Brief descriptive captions
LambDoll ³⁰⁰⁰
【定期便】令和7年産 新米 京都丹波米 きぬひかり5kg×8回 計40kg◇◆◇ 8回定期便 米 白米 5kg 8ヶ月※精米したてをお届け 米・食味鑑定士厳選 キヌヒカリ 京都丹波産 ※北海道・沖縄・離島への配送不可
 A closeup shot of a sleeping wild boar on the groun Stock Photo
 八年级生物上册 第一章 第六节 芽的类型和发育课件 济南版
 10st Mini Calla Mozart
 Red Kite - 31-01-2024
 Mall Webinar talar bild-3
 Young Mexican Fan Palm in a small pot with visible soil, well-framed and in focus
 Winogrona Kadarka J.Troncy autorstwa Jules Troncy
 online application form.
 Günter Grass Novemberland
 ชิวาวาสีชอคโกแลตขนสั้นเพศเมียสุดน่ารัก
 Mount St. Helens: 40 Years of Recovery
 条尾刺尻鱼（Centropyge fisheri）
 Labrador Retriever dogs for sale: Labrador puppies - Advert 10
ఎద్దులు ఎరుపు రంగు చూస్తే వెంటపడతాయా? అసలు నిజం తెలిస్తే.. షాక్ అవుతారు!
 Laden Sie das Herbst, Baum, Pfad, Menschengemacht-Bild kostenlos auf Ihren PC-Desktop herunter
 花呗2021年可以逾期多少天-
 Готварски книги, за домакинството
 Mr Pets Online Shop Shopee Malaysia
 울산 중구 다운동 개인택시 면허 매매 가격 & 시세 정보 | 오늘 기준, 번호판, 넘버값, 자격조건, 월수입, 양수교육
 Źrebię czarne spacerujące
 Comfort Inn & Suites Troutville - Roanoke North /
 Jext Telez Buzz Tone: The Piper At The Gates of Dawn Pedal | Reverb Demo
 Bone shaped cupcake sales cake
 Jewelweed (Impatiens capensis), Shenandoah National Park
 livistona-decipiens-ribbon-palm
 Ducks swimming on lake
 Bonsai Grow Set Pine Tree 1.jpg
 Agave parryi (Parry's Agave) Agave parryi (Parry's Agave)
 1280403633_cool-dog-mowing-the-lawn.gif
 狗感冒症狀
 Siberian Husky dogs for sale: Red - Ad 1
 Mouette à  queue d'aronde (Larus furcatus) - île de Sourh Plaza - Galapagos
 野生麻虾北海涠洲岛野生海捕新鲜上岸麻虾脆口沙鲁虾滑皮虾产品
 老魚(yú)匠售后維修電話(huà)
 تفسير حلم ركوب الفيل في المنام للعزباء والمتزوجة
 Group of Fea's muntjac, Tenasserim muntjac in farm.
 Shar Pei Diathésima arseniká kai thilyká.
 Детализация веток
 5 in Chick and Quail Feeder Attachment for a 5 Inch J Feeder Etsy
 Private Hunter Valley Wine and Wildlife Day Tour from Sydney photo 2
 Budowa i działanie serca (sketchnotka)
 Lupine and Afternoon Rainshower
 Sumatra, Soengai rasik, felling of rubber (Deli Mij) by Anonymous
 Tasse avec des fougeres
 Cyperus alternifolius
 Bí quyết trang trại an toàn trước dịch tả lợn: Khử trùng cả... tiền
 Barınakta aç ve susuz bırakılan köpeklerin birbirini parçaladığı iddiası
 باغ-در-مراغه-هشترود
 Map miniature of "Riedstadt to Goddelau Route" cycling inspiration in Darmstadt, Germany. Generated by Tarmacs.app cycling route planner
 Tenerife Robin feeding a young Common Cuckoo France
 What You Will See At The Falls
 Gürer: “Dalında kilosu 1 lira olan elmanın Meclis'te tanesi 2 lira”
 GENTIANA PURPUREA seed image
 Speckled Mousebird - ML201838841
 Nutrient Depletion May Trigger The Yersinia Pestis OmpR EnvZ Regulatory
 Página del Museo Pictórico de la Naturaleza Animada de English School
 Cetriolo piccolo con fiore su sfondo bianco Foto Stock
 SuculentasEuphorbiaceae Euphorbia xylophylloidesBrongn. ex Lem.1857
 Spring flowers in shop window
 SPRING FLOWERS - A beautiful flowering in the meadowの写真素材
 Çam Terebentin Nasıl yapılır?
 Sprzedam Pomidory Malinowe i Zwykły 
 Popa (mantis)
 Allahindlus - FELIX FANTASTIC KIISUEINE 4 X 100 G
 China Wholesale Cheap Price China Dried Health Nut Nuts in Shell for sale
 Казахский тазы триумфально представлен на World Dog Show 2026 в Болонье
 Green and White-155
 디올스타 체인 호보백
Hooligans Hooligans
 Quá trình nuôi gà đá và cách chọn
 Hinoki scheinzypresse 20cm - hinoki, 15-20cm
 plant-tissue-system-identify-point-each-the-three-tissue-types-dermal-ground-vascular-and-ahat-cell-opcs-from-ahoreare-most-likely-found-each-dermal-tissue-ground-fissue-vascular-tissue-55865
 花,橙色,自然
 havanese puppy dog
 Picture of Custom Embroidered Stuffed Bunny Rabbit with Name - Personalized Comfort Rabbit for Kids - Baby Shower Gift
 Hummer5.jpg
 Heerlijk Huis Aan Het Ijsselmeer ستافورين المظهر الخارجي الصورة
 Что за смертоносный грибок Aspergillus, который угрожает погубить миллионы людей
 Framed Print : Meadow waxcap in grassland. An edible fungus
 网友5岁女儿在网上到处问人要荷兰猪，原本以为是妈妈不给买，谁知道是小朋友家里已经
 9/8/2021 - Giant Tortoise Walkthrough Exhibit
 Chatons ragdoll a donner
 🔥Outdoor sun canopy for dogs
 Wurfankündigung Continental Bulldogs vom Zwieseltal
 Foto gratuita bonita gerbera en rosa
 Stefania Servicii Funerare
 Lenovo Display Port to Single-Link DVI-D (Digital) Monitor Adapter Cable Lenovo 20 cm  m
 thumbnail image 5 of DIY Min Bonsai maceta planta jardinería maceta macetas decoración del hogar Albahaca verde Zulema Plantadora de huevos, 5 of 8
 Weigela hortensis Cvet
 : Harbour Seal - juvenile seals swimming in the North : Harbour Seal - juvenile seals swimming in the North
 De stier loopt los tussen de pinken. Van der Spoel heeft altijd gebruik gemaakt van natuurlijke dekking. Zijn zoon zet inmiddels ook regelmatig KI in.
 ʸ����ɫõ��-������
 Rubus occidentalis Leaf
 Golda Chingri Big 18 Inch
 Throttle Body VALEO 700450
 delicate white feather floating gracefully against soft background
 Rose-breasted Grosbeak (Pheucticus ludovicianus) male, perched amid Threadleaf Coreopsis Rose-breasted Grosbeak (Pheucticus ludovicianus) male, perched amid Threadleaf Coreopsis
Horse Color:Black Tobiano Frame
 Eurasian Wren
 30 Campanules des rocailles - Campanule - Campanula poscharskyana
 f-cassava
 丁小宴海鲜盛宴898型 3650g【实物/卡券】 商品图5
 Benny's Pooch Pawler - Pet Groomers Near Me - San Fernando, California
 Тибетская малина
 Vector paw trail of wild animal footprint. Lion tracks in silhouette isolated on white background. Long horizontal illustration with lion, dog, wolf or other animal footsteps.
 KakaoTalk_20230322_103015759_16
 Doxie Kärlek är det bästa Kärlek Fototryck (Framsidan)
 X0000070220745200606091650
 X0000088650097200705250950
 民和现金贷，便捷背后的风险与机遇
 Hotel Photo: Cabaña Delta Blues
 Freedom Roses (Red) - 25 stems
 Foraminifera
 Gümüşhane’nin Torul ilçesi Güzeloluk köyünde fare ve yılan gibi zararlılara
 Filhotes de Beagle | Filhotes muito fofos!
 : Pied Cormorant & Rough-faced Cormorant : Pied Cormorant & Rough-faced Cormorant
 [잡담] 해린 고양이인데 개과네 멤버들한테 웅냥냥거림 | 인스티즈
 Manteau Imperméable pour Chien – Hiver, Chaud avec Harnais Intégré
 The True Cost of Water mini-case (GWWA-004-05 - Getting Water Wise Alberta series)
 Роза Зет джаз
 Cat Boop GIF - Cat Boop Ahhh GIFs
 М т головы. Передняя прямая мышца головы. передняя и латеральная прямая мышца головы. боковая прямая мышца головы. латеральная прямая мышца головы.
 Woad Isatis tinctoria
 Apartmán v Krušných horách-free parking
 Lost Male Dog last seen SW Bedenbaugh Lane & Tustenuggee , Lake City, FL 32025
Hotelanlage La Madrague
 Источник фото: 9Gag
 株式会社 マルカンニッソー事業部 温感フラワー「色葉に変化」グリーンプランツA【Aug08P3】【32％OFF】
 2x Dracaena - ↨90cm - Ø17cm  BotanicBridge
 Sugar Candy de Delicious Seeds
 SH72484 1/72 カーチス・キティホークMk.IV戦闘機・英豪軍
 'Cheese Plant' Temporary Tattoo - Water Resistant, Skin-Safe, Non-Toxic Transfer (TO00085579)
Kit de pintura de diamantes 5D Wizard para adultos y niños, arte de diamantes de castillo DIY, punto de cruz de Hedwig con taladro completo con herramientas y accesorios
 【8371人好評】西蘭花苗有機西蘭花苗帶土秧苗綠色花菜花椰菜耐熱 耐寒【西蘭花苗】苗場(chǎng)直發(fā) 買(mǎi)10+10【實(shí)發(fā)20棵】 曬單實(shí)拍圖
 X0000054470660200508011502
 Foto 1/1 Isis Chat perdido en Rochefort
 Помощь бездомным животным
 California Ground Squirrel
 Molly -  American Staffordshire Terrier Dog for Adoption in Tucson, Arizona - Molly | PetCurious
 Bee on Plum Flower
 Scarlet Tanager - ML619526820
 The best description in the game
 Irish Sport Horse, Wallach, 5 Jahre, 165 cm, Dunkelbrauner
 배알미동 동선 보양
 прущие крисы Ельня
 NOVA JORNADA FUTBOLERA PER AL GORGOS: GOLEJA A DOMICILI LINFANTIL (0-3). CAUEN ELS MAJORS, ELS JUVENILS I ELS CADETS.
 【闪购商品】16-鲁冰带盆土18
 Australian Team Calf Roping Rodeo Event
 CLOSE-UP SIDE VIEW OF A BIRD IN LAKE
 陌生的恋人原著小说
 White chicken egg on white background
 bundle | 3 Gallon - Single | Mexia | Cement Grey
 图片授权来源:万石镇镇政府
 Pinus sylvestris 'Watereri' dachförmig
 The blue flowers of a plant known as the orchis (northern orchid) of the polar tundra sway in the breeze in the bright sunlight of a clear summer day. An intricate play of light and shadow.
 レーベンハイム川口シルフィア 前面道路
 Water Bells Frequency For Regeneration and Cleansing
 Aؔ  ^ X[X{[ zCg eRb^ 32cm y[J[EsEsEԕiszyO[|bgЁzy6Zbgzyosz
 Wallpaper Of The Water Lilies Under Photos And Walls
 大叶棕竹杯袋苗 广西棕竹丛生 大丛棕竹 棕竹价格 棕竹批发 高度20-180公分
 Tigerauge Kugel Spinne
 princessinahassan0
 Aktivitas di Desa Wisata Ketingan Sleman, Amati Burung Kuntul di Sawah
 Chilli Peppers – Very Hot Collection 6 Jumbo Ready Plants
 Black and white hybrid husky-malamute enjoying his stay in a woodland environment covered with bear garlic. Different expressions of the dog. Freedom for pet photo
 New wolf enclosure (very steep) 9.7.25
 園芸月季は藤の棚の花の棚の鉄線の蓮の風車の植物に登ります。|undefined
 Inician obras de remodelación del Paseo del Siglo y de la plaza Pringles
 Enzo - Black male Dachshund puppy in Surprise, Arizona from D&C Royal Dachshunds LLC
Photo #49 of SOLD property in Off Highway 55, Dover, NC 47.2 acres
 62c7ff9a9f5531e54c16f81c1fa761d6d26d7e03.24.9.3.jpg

_What the task requires_. Take the lines above from the one containing "Water Bells Frequency" down to the one containing "princessinahassan0", and transcribe them exactly, both ends included.

_Solution for this problem_.
 Water Bells Frequency For Regeneration and Cleansing
 Aؔ  ^ X[X{[ zCg eRb^ 32cm y[J[EsEsEԕiszyO[|bgЁzy6Zbgzyosz
 Wallpaper Of The Water Lilies Under Photos And Walls
 大叶棕竹杯袋苗 广西棕竹丛生 大丛棕竹 棕竹价格 棕竹批发 高度20-180公分
 Tigerauge Kugel Spinne
 princessinahassan0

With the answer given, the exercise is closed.